Brimstone has invented a new way to make OPC that cuts carbon out of the equation. The trick is to avoid limestone and start instead with basalt and other calcium-bearing silicate rocks. Basalt is rich in native calcium oxide, and Brimstone’s kilns extract it without releasing carbon as a harmful by-product. Calcium silicate is also widely available. “The good news is that limestone is about one quarter of one percent of the rock in the Earth’s crust, and calcium silicate is about 50 percent,” says Finke.
Combine the calcium oxide from basalt with SCMs, and the result is actual OPC — not a substitute with unfamiliar properties. The process does have other outputs, but these are beneficial. One is the very SCMs needed to make concrete, which must otherwise be purchased from bulk suppliers. That’s a major economic plus, since slag and fly ash supplies are declining thanks to cleaner steel manufacturing and reduced use of coal-fired power plants. Other outputs include magnesium compounds like magnesium hydroxide, which begin to absorb CO2 from the atmosphere the moment they’re created. These compounds perform direct air capture, permanently sequestering carbon in the form of magnesium carbonate.
Brimstone’s projections show that its overall process is carbon-negative, “even if a Brimstone customer uses coal to fire their kiln,” notes Rachel Slaybaugh, a partner at DCVC. “And the cleaner the kiln firing, the more carbon-negative the cement.” The company will test those projections at a pilot plant advancing toward construction in Reno, NV, where Brimstone will also determine the optimal size for its kilns, identify the lowest-cost components and suppliers, and streamline its process before expanding to commercial scale.
A world in which cement manufacturing has been transformed from a huge carbon emitter into a net absorber will be one with many more options for future growth and prosperity. Cement producers with advanced, Brimstone-style cement plants — which, remember, also produce their own SCM — would have a cost advantage over competitors, and would have a head-start meeting emissions reduction mandates in states like California.

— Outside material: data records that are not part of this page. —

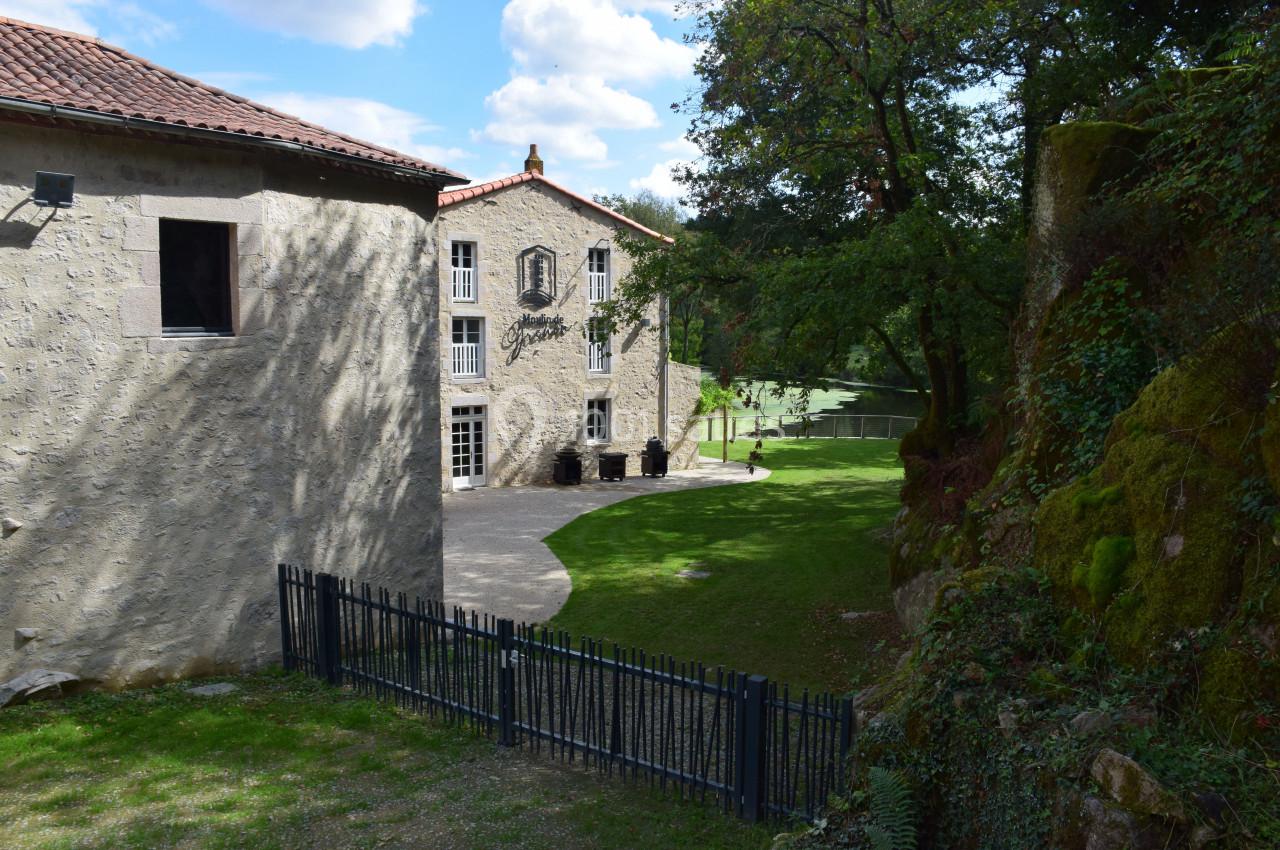 Bâtiment en pierre avec toit en tuiles, entouré d'arbres et d'une pelouse, près d'une clôture métallique.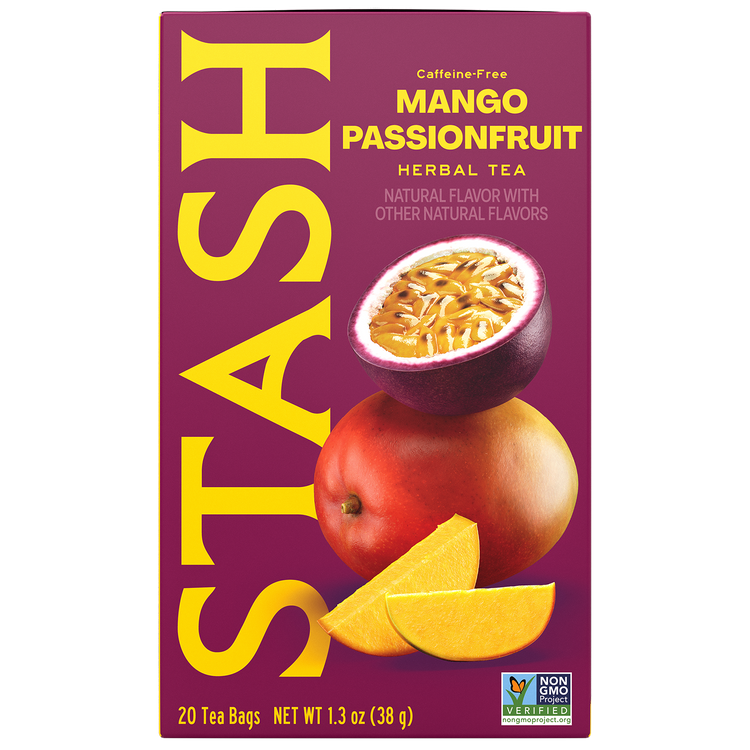A box of Stash Caffe-Free Mango Passionfruit Herbal Tea. The packaging features a deep magenta background with large yellow 'STASH' branding, an illustration of a sliced passionfruit, a whole mango, and two mango slices.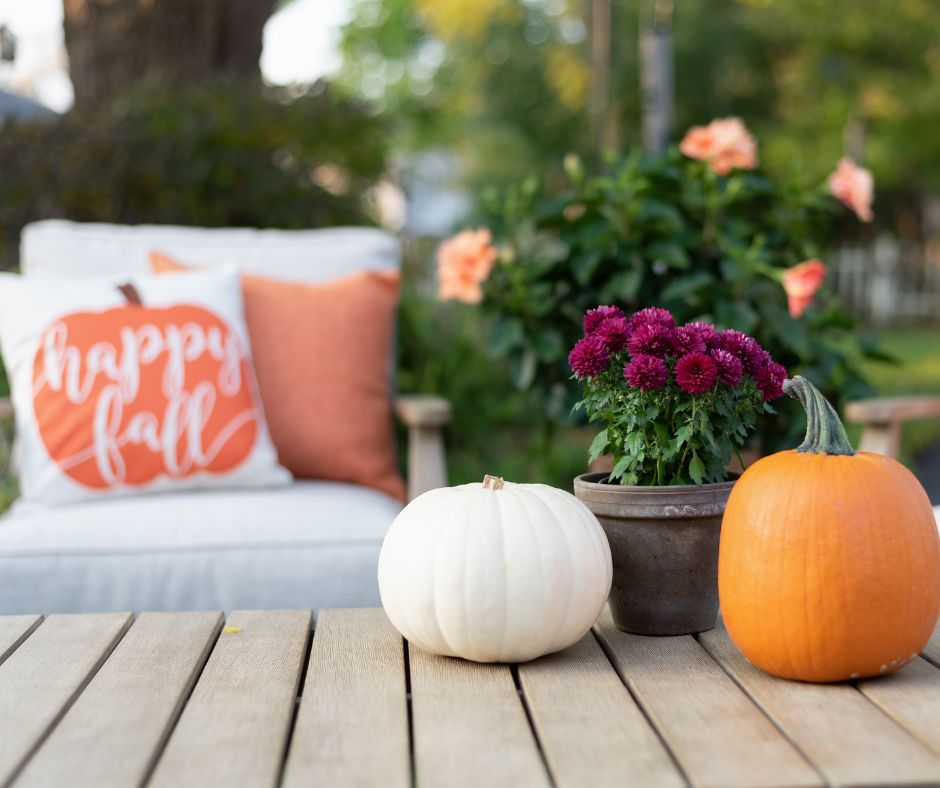 A patio decorated for fall. Wood table with small pumpkins and a pot with red mum flowers. A chair with a festive happy fall pillow.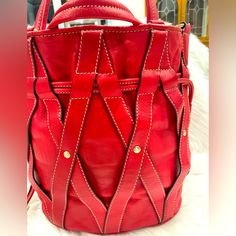 Beautifully Constructed Lancel Paris Bucket Bag. Red Leather With A Leather Cross Over. Gold Hardware In Great Condition. There Is Some Rubbing To The Bottom Piping. See Photos-From Normal Use. Dust Bag Included. Appropriate Measurements: Height 12” Length 10.75” Depth 7” Large Bucket Bag. 1 Zipper Pocket And 2 Side Pockets Located On Inside. Clean Inside. Hand Strap Drop 6” Shoulder Strap Drop 18” Bucket Bags For Women, Bag Trend 2024 2025, Red Leather Bucket Bag With Double Handle, Luxury Red Leather Bucket Bag, Chic Red Bucket Bag With Gold-tone Hardware, Red Leather Bucket Bag For On-the-go, Red Bucket Bag With Gold-tone Hardware For Shopping, Leather Bucket Bag, Bag Trends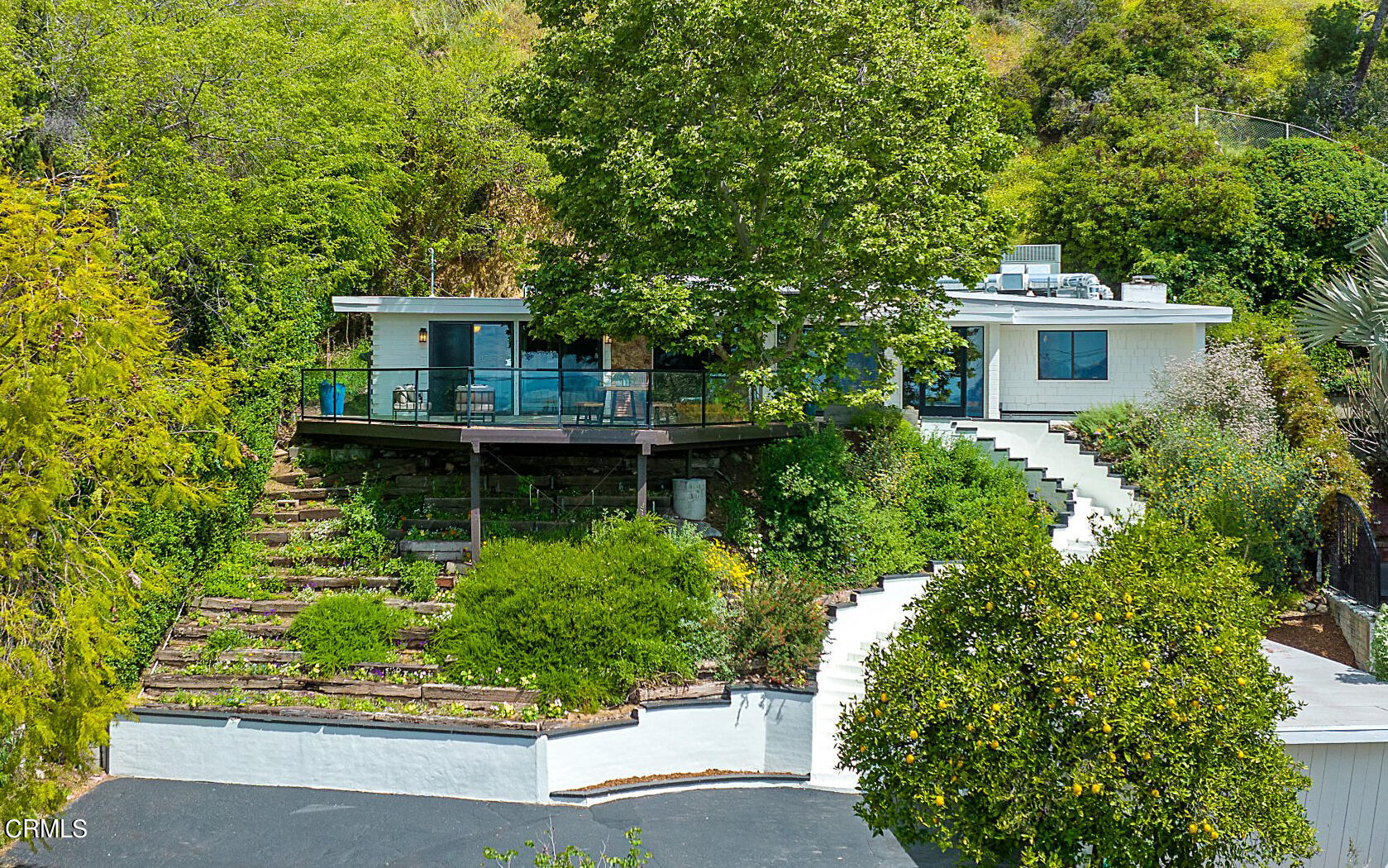 front view of a house with a garden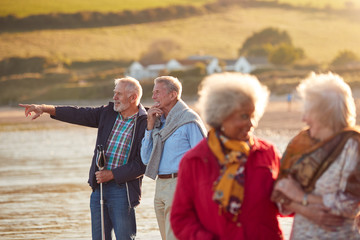 Group Of Smiling Senior Friends Walking Arm In Arm Along Shoreline Of Winter Beach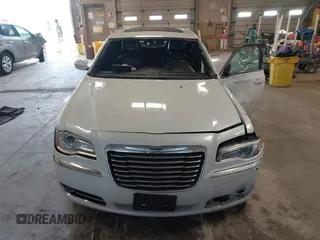 2014 Chrysler 300 with VIN 2C3CCAAGXEH217715, listed as a IAAI auction lot 41666179 with 145,744 mi miles and . Bid and sale history available at DreamBid. Image 12.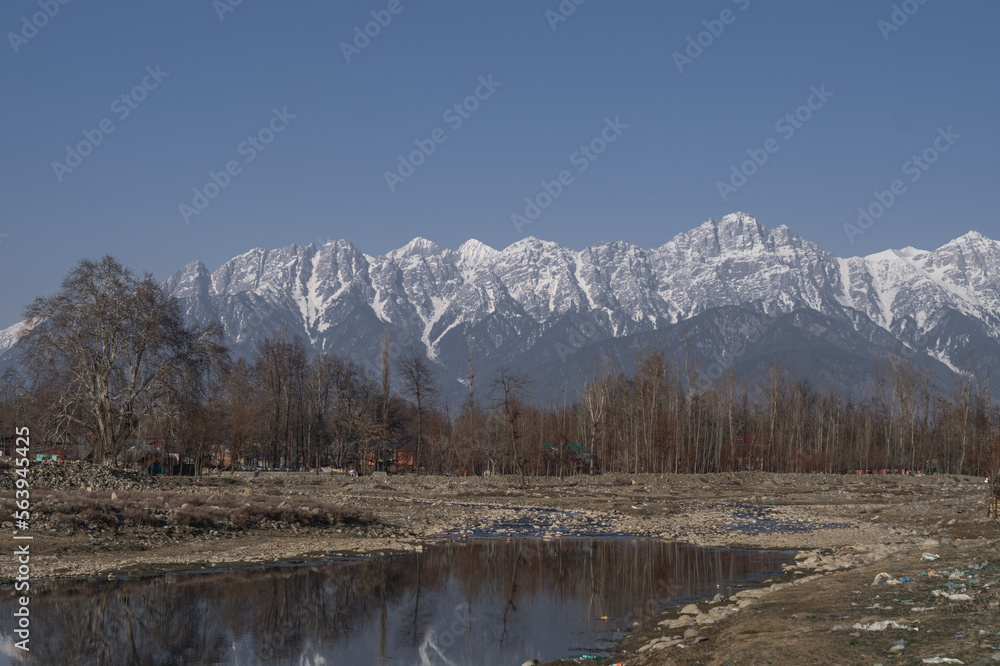 snow covered mountains by a river, Kashmir snow covered mountains by a river, Kashmir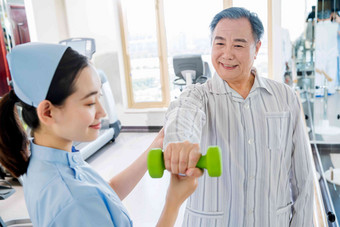 女护士协助病人康复锻炼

And nations using carbon-negative cement for bridges, highways, warehouses, and other projects would have an easier time meeting their own greenhouse gas reduction commitments under the Paris Accord. (China’s massive Three Gorges Dam, built between 1994 and 2003, used 16 million tons of OPC. If that cement had been carbon-neutral or carbon-negative, the dam project could have offset the annual greenhouse gas emissions of at least three million passenger vehicles.)
Decarbonizing cement manufacturing is not only an imperative for the world during its transition to net-zero CO2 emissions; it will also lower the price of cement, at zero risk to customers. That’s how Brimstone is making a livable future more concrete.